Não se aproxime de uma cabra pela frente, de um cavalo por trás ou de um idiota por qualquer dos lados.
(Provérbio judeu)
Em 23 de novembro de 1968, o recifense e brilhante cronista de costumes, Nelson Falcão Rodrigues [1912-1980], considerado o maior influenciador de sua época, escreveu para o jornal O Globo, a crônica "O óbvio ululante e a ascensão dos idiotas", e que depois foi incluída em seu livro "O Reacionário".
Nela, Nelson Rodrigues parece - com alguma ajudazinha da inspiração cotidiana - estar falando de dias atuais, como num Dèjá Vu da idiotice nacional, quando se vê tantos circulando livremente pelas redes sociais em debates anacrônicos e despidos de toda sorte de inteligência, e outros de seus iguais, tomando posse em cargos executivos ou legislativos de destaque nacional.
O cronista divide o mundo entre os "idiotas" e os "melhores", estes, entretanto, não podem ser confundidos com o sentido do que se convencionou chamar, nos dias atuais, de "cidadão de bem", porque qualquer idiota da atualidade se acha identificado com o termo genérico "de bem" que, em grande parte dos casos, somente serve para discriminar aqueles que pensam diferente, não importando de que lado do espectro ideológico, este esteja, como avalia o professor da PUC-SP. Dr. Egon Rangel:
"Separam-se os campos do 'eu-nós' e dos 'outros' como dois campos opostos, do bem e do mal; definem-se as características positivas do primeiro por oposição às negativas do segundo, sem, contudo, especificar no que consiste o bem a que a expressão se refere; não se diz quem está de um lado e quem está do outro."
O historiador Leandro Karnal, em palestra proferida em maio de 2020, também falou sobre o tal do "cidadão de bem":
"A 'pessoa de bem' é a pior invenção da espécie humana. Em primeiro lugar, porque ela é arrogante, ela não pertence à humanidade. Ela aponta o dedo, cumpre aquele papel que Jesus denuncia nos fariseus: olham um cisco no olho do outro, mas não olham uma trave que está no seu".
Mas, voltando à crônica de Nelson Rodrigues, ele afirma que "no passado, eram os 'melhores' que faziam os usos, os costumes, os valores, as ideias, os sentimentos etc. etc.", em contraponto ao que viria a ocorrer décadas depois. E ele continua: "Perguntará alguém: “E que faziam os idiotas?" E o próprio Nelson Rodrigues responde ironicamente: "fazia filhos".

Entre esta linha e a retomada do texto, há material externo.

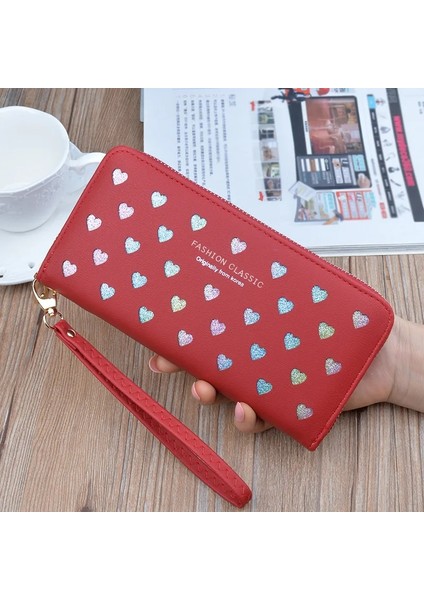 Koyupembe Stili Sıcak Yeni Moda Kadın Cüzdan Uzun Fermuar Büyük Kapasiteli Cep Telefonu Çantası Aşk Rengi Oyulmuş Debriyaj Lüks Bozuk Para Cüzdanı (Yurt Dışından) indirimleri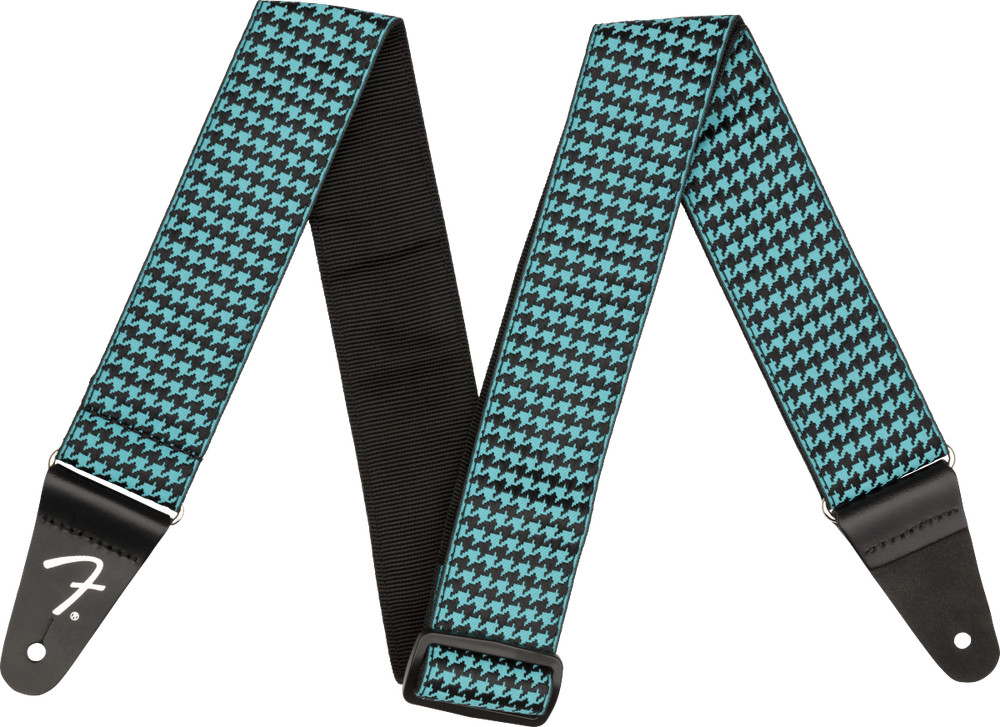 Fender Houndstooth Jacquard Strap, Teal, 2"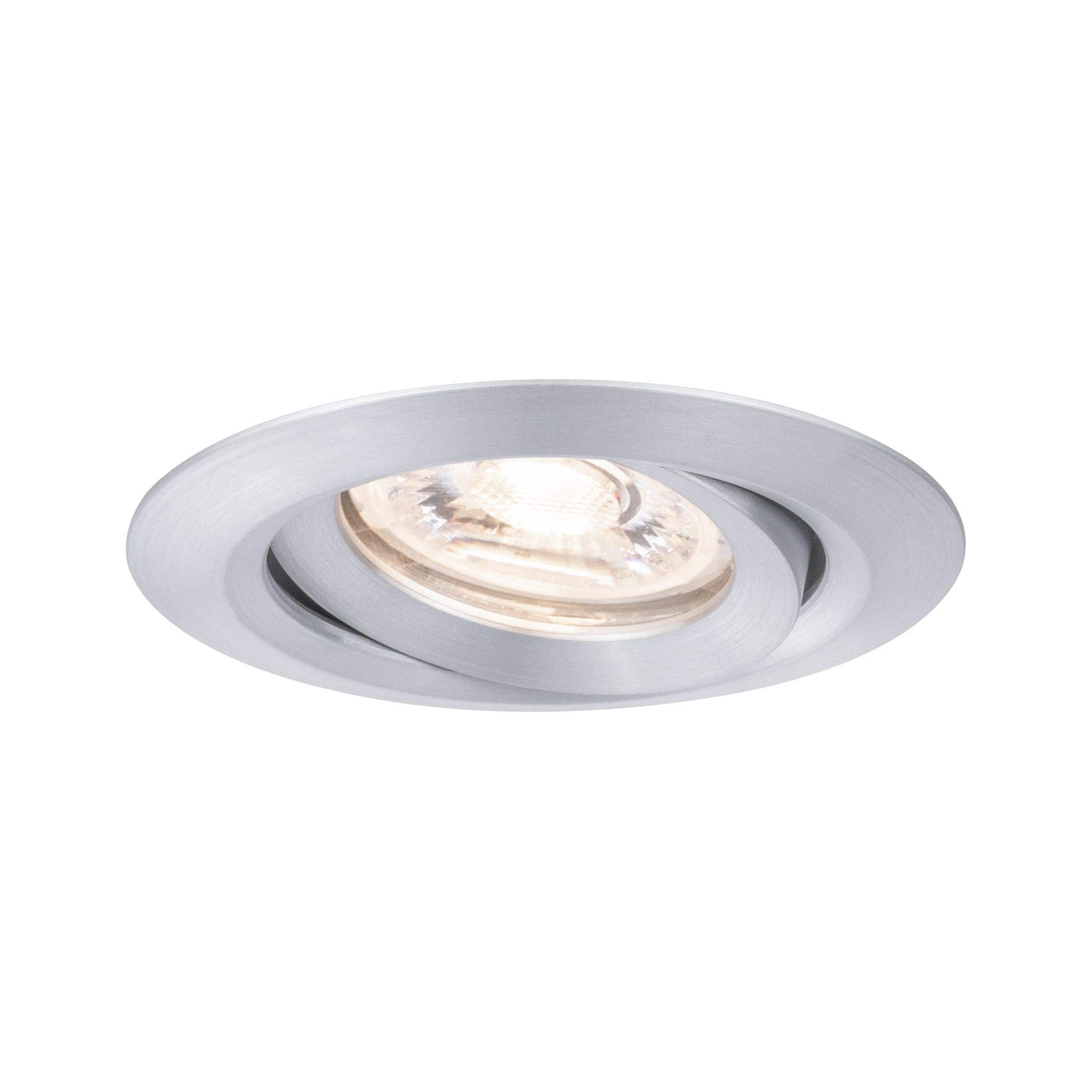 Paulmann 94296 Nova mini LED recessed luminaire Coin Round swivelling incl. 1x4 watt recessed Ceiling Spotlight Turned Aluminium recessed lamp Aluminium Warm White 2700 K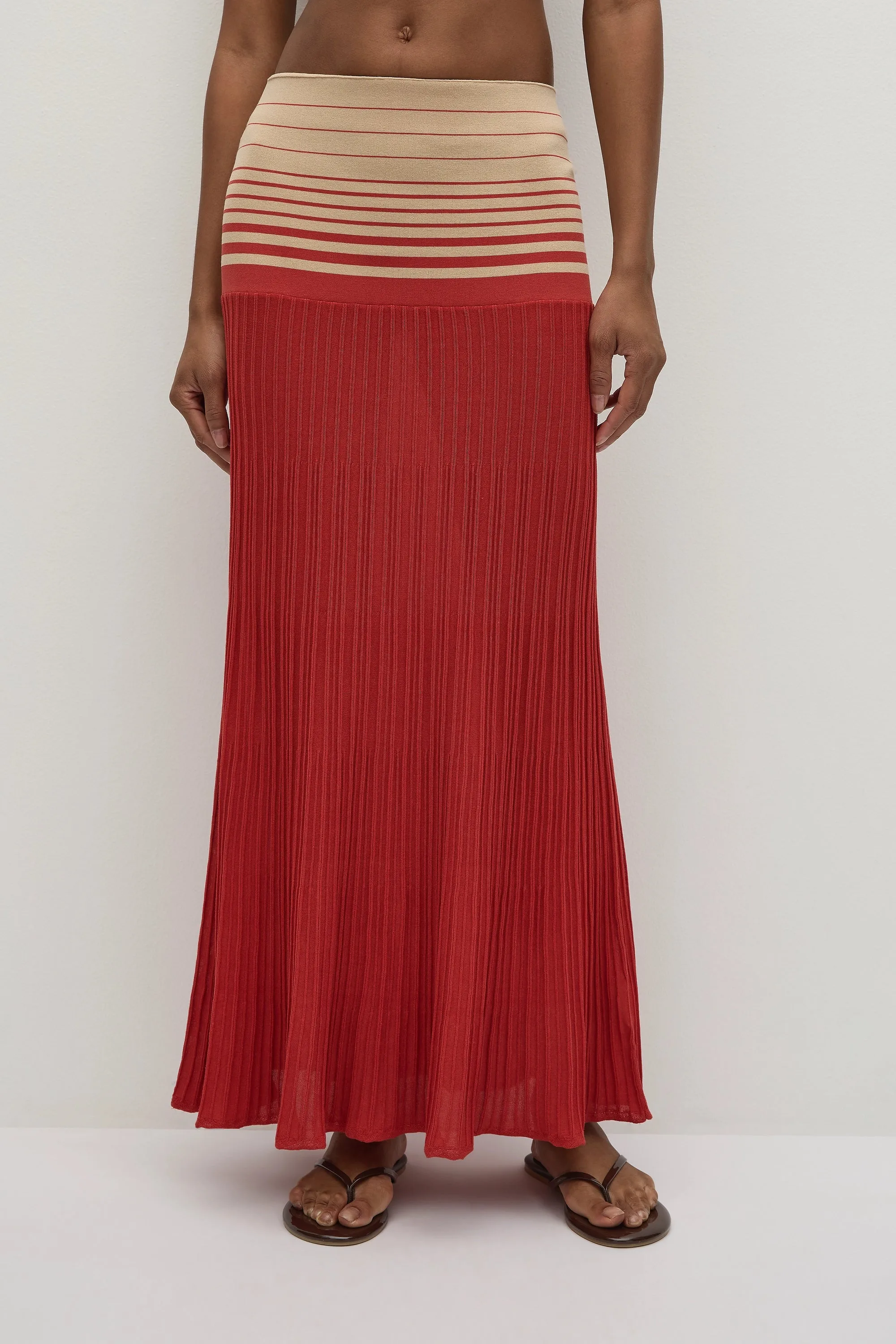 Citara Skirt Accordion Stripe Amber Fawn sold by Faithfull the Brand product image thumbnail 3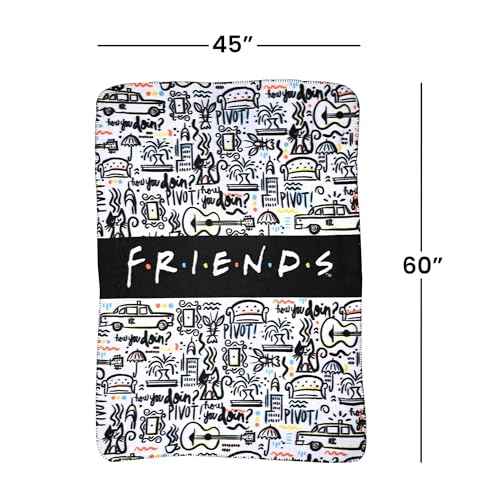 Northwest The Company - Friends TV Show How You Doin' & Pivot NYC Fleece Throw Blanket, Soft and Cozy Lightweight Plush Fabric Bed Cover and Room D?cor - Size 45inx 60in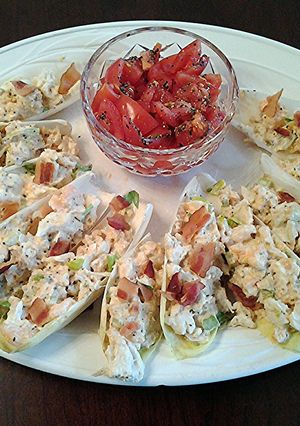 A picture of Crab and Shrimp Salad in Belgium Endive Leaves.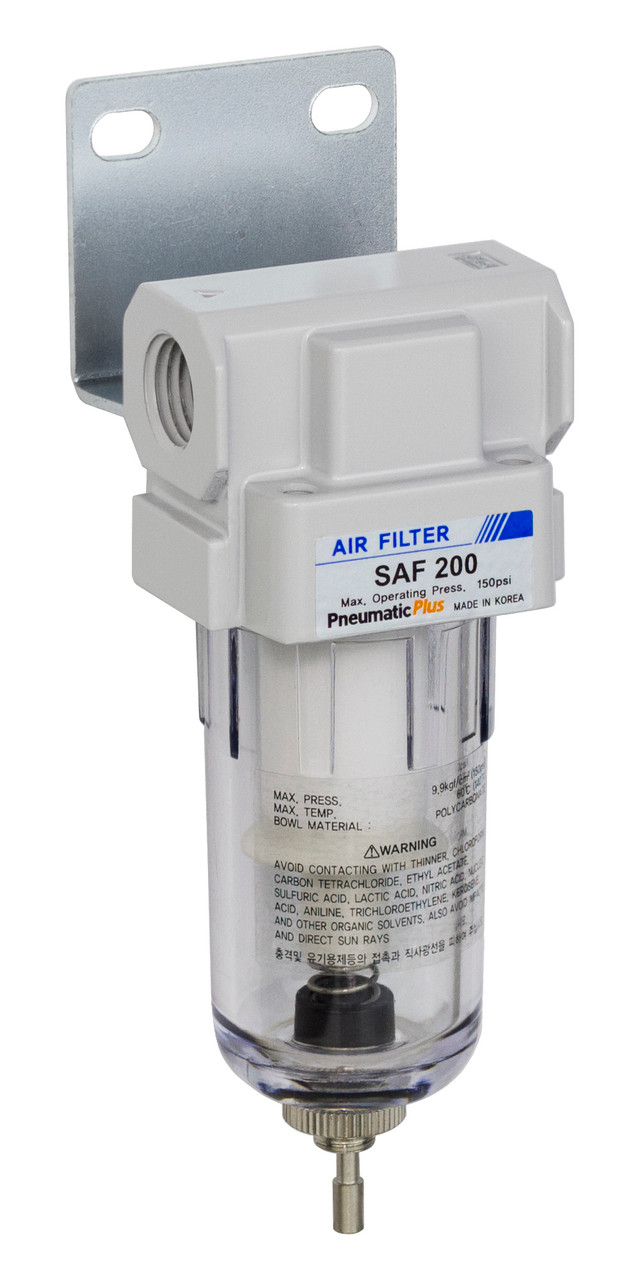 PneumaticPlus SAFU460-N04 3-Stage Air Filter Combo | 1/2" NPT, Removes Oil, Water, Particles (10 To 0.01 µm)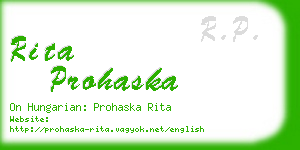 rita prohaska business card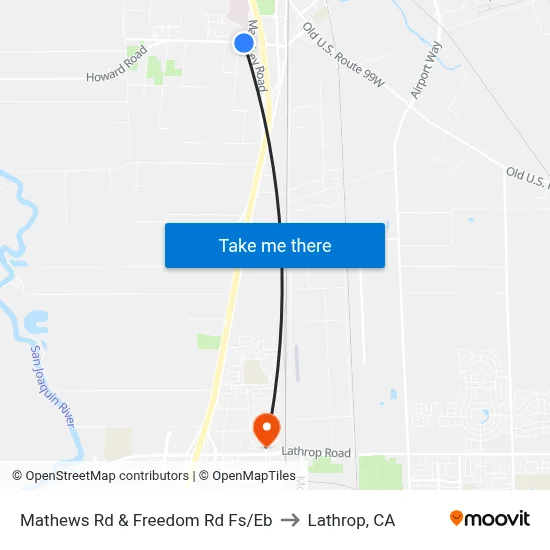 Mathews Rd & Freedom Rd Fs/Eb to Lathrop, CA map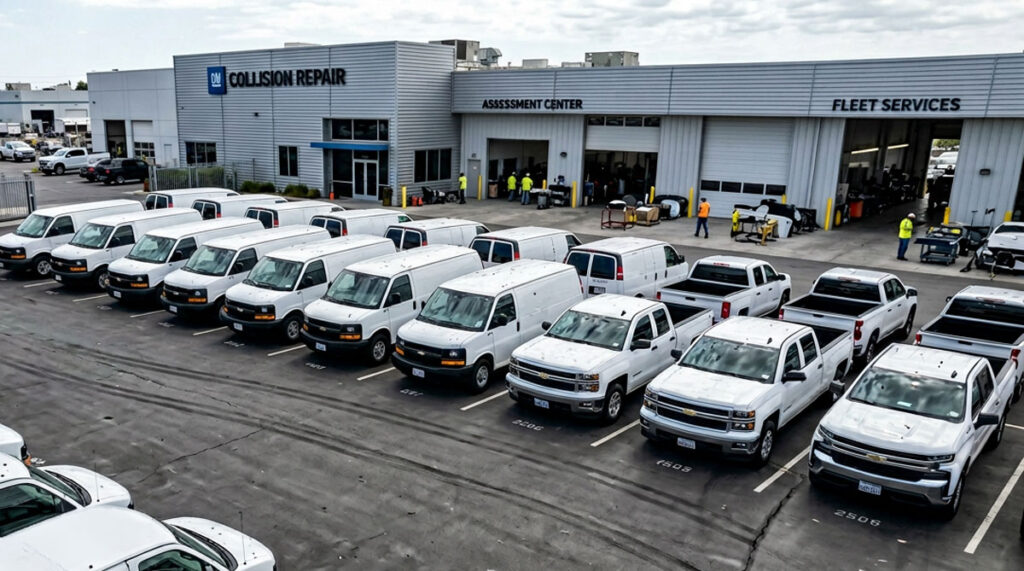 Multiple fleet vehicles with visible hail damage staged in body shop lot for coordinated assessment at Wheelers Auto Body.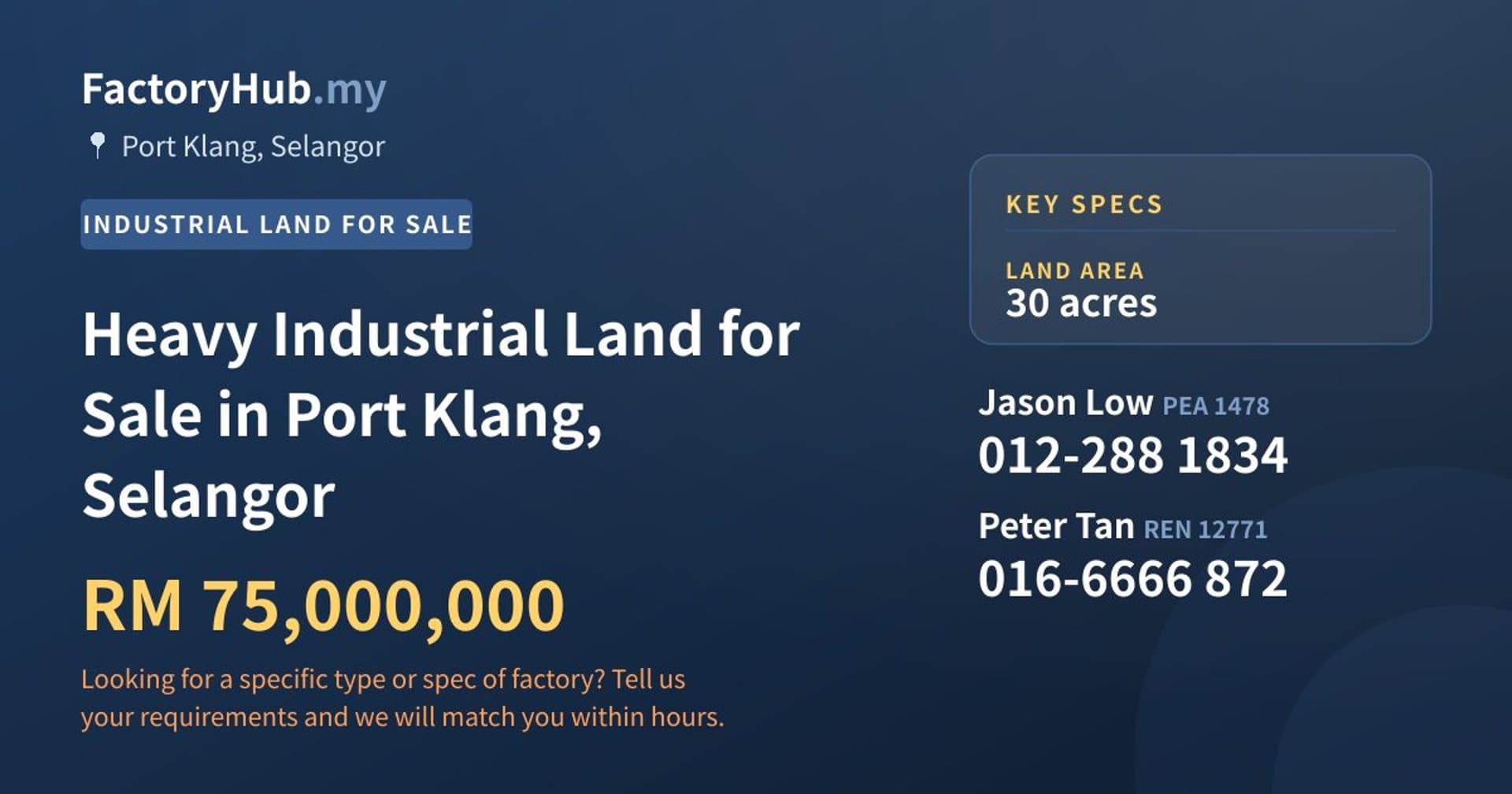 Heavy Industrial Land for Sale in Port Klang, Selangor - Property image 1 of 2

Nelson Rodrigues, em relação a idiotas e "os melhores", afirma que os primeiros "na rua, passavam rente às paredes, gaguejante de humildade. Sabiam-se idiotas e estavam cientes da própria inépcia". Já "os melhores" eram os que "sentiam, pensavam, e só eles tinham as grandes esposas, as lindas amantes e os mais belos interiores para a Manchete fotografar".
Mas o clímax da crônica de costumes de Nelson Rodrigues vem agora:
E, de repente, tudo mudou. Após milênios de passividade abjeta [e procriação], o idiota descobriu a própria superioridade numérica. Multidões, jamais concebidas, começaram a rosnar. Eram eles, os idiotas. Os "melhores" se juntaram em pequenas minorias, acuadas, batidas, apavoradas. O imbecil, que falava baixinho, passou a esbravejar; ele, que apenas fazia filhos, deu para pensar. Mas, pela primeira vez, o idiota é artista plástico, é cientista, sociólogo, romancista, cineasta, dramaturgo, prêmio Nobel, sacerdote. Aprende, sabe, ensina.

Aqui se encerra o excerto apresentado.